### Source data
------------------------------------------------------------------------

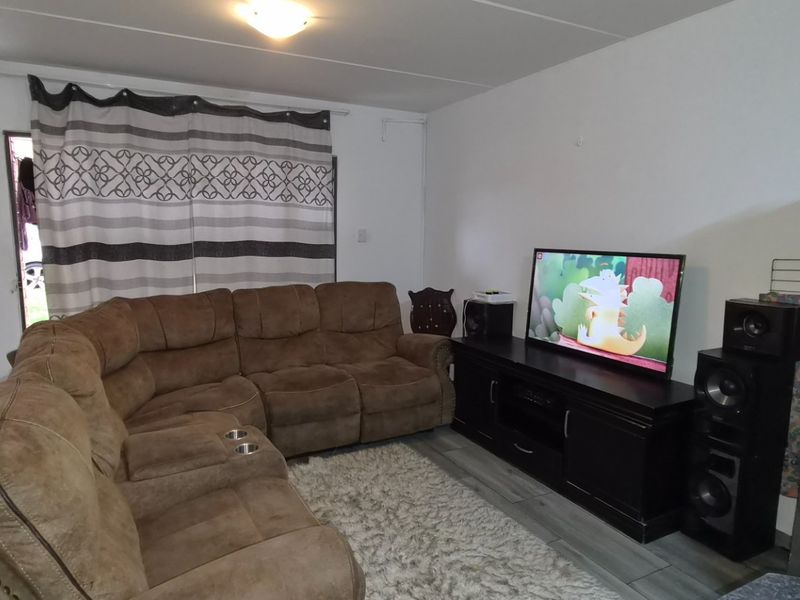 A functional living room featuring laminate flooring and neutral wall finishes, providing a comfortable space for relaxation.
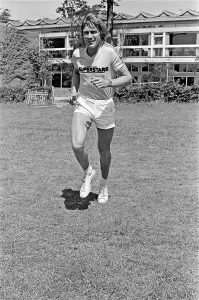 Jogging Prints: Motor Racing Driver James Hunt jogging and smiling to the camera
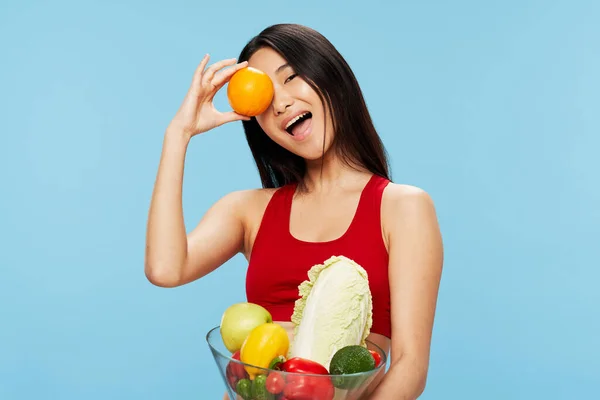 Schöne Frau in einem roten Tanktop mit frischem Gemüse und Obst — Stockfoto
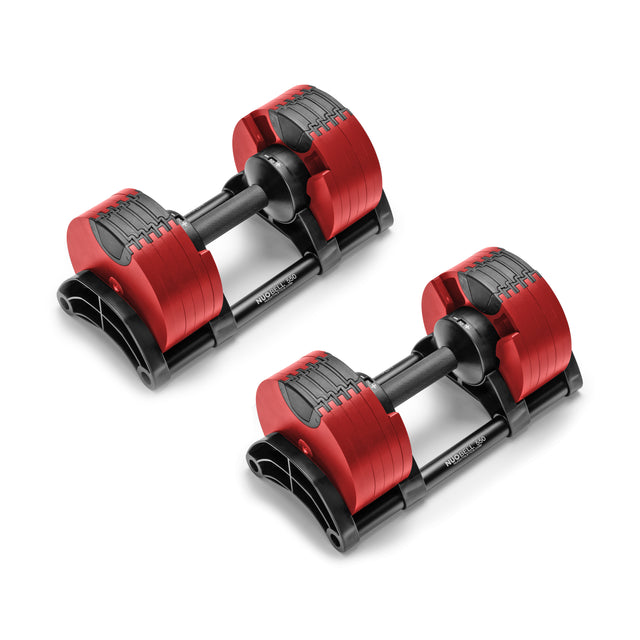 A pair of NÜOBELL Adjustable Dumbbells by Nuobell, featuring machined steel weight plates and red accents, sit side by side on a white background. The black handles rest securely on patent-pending design holders, combining functionality with sleek style.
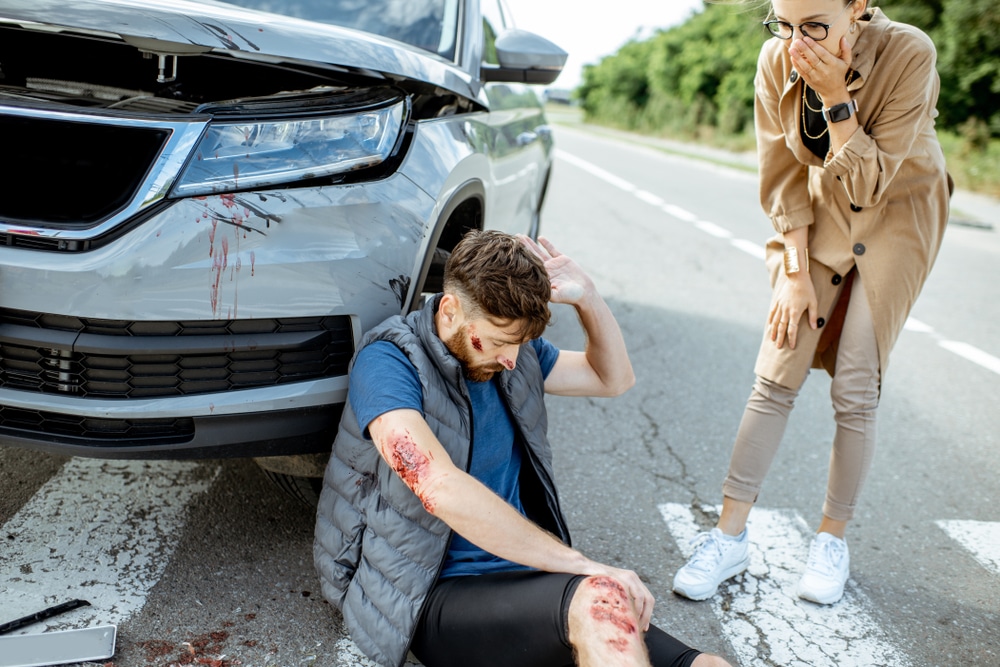 A woman standing over a man after a pedestrian accident in Philadelphia
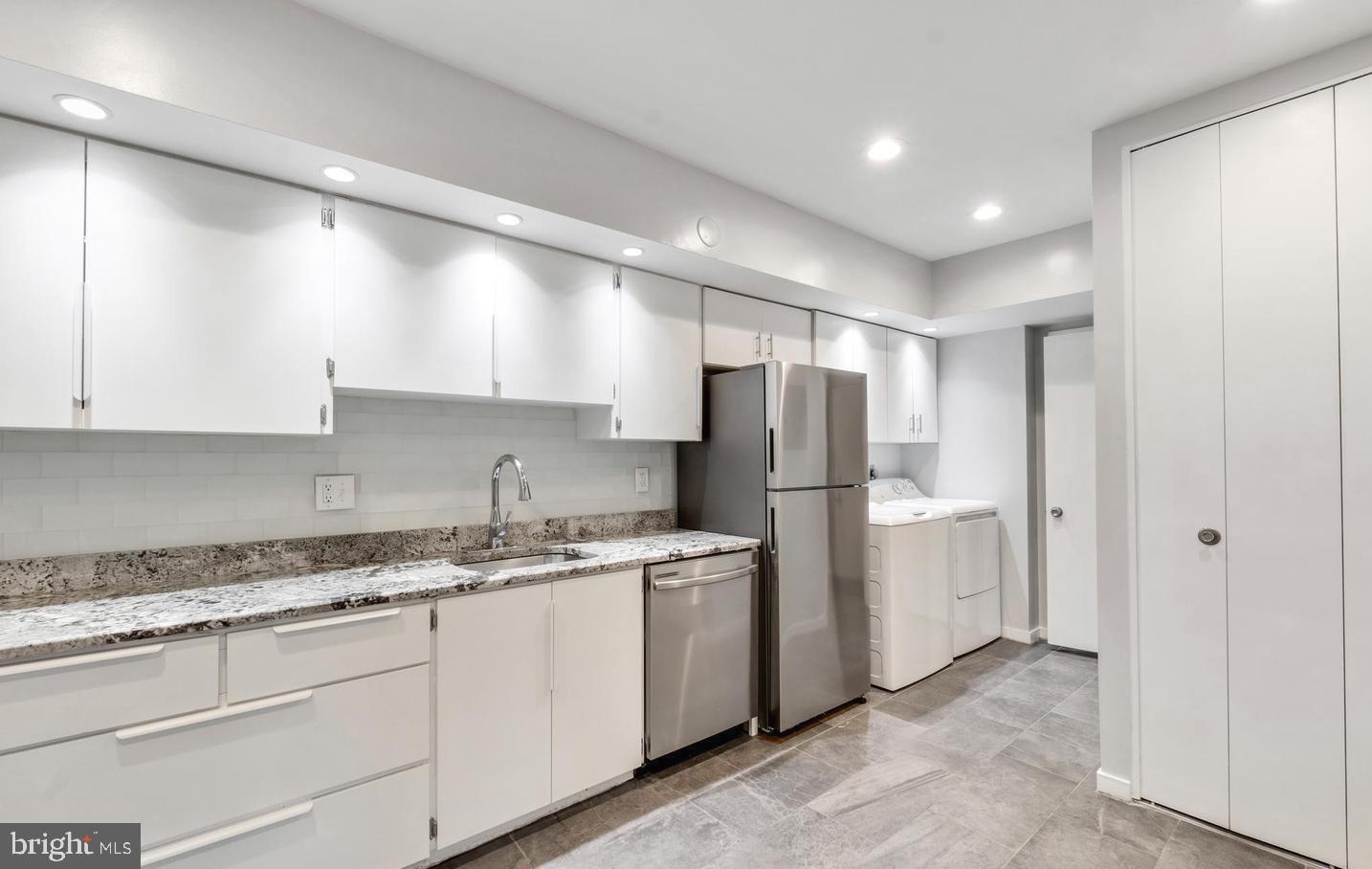 33 Stonehenge Circle, Unit 11 Baltimore, MD 21208 - Photo 9 of 22 a kitchen with a refrigerator sink and cabinets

------------------------------------------------------------------------

### What is being asked
Among the entries above, locate the line with "Schöne Frau in" and the line with "A pair of NÜOBELL". Give those two lines and all lines between them again, exactly, leaving out the pictures.

### Solution below
 Schöne Frau in einem roten Tanktop mit frischem Gemüse und Obst — Stockfoto
 A pair of NÜOBELL Adjustable Dumbbells by Nuobell, featuring machined steel weight plates and red accents, sit side by side on a white background. The black handles rest securely on patent-pending design holders, combining functionality with sleek style.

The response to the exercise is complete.